Newcastle were far from their best as well, with route one (read long ball) to Shola Ameobi very much the norm as the home side struggled to hand onto the ball with any real effect.

Chelsea's best chance in the first half came through their skipper John Terry, whose header, off a corner from Juan Mata, thundered onto the crossbar.

Newcastle were still not able to get their attacking quality going, with the likes of Loic Remy and Yoann Gouffran cutting frustrated figures, while Ameobi was also a little starved for service - if you do not count the barrage of long balls towards him time and again that is.

As the game petered to a goalless draw in the first half, something needed to give in the second 45, and it was the home side that showed the much better intent.

Newcastle just seemed come to life out of nowhere just before the hour mark, with Moussa Sissoko first forcing a great save off Petr Cech - the Chelsea goalkeeper just diverting the ball for a corner off a strike from the Newcastle midfielder from a tight angle.

Off the ensuing corner, Remy found space, but his swivel and shot was again saved by Cech as the Toon Army roared on their side, sensing a big win.

Yoann Gouffran kept Cech interested with a long-ranger before the Newcastle man struck the body blow. Off a freekick from Yohan Cabaye, Gouffran snuck up on the far post beyond Terry to fire home a stooping header past a despairing Cech in the 68th minute.

Newcastle now with their tails well up, looked to find the put-to-bed goal, with Remy combining well with substitute Papiss Cisse, before firing low at Cech.

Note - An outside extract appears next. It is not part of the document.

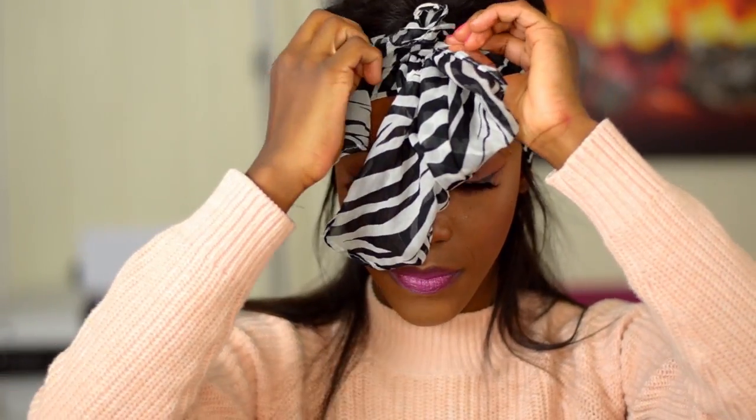When the 20 minutes are done, I untie the scarf and start putting in the clip-ins to add volume to this full lace wig.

Jose Mourinho had brought on Samuel Eto'o and Willian in search of the opening goal, with Fernando Torres, a shadow of the terror that he was against Manchester City, and Mata coming off, and the two substitutes combined to nearly equalise.

Willian forced a wonderful instinctive save from Tim Krul, off an Oscar corner, before Eto'o's follow up was well blocked by Mathieu Debuchy.

As the Blues kept pouring forward in search of the equaliser, Newcastle were always going to be up to hit them on the counter, and strike the killer blow they did, through their best player this season.

Vurnon Anita played a perfect ball into the box for Remy to sweep home from 12 yards and clinch an impressive victory.